Generative AI (GAI) has the potential to promote sustainable behavior through personalized recommendations; yet its effectiveness hinges on user trust—an issue that remains under-explored in the literature. Existing studies often focus on specific domains without addressing broader trust-building mechanisms or the cognitive and motivational factors needed for sustained engagement.

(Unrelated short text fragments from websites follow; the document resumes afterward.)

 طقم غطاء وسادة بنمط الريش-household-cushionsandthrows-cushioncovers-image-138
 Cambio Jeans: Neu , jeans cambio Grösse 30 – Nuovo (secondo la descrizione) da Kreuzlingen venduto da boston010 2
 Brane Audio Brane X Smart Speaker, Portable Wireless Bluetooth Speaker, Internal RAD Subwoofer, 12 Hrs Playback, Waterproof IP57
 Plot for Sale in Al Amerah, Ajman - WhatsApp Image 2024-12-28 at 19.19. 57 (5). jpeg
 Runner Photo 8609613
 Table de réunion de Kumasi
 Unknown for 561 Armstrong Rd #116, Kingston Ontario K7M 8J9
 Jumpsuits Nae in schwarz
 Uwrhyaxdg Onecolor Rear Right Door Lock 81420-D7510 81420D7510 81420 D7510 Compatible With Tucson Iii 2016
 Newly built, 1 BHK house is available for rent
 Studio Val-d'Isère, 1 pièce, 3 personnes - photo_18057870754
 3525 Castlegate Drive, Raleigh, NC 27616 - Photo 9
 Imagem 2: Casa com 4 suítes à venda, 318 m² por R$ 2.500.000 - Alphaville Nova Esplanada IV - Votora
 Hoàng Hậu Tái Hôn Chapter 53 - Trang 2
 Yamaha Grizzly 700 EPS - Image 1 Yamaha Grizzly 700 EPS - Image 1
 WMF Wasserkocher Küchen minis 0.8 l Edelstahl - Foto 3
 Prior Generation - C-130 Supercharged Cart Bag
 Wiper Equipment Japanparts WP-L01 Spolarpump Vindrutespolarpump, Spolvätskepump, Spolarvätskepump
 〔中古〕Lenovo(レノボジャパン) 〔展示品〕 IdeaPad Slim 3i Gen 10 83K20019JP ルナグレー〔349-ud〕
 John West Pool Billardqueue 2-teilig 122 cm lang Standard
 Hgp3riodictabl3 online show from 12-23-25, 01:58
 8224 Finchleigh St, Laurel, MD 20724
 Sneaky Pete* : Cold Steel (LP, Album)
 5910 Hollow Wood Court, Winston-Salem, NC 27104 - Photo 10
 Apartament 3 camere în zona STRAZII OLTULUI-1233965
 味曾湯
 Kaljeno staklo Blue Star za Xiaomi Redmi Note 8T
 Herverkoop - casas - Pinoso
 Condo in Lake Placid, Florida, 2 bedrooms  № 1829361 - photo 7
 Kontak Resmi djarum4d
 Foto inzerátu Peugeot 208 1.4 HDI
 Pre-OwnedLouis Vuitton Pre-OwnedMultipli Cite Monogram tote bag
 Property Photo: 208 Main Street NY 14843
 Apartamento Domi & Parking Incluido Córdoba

This study investigates how trust shapes the adoption of GAI-driven sustainability recommendations by integrating the Elaboration Likelihood Model (ELM) and Expectancy-Value Theory (EVT) into a single framework. Using data from sustainability-oriented users, we examine how central route constructs-perceived information quality and utility-peripheral route constructs-anthropomorphism and interaction quality-enhance trust, while perceived information complexity and perceived risk moderate these relationships. Our findings indicate that high-quality, useful information enhances trust through cognitive engagement, whereas anthropomorphic design and interaction quality reinforce trust via the heuristic route. However, excessive complexity and privacy concerns undermine trust, highlighting the need for clearer communication and data transparency. This study broadens theoretical understanding by extending ELM and EVT to the context of GAI-driven sustainability efforts, providing an integrated framework that encompasses cognitive and motivational trust drivers. These insights fill gaps in technology adoption research and offer practical guidance for developing GAI platforms that effectively support pro-environmental behavior change.

Suggested Citation

  • Silalahi, Andri Dayarana K., 2025. "Can generative artificial intelligence drive sustainable behavior? A consumer-adoption model for AI-driven sustainability recommendations," Technology in Society, Elsevier, vol. 83(C).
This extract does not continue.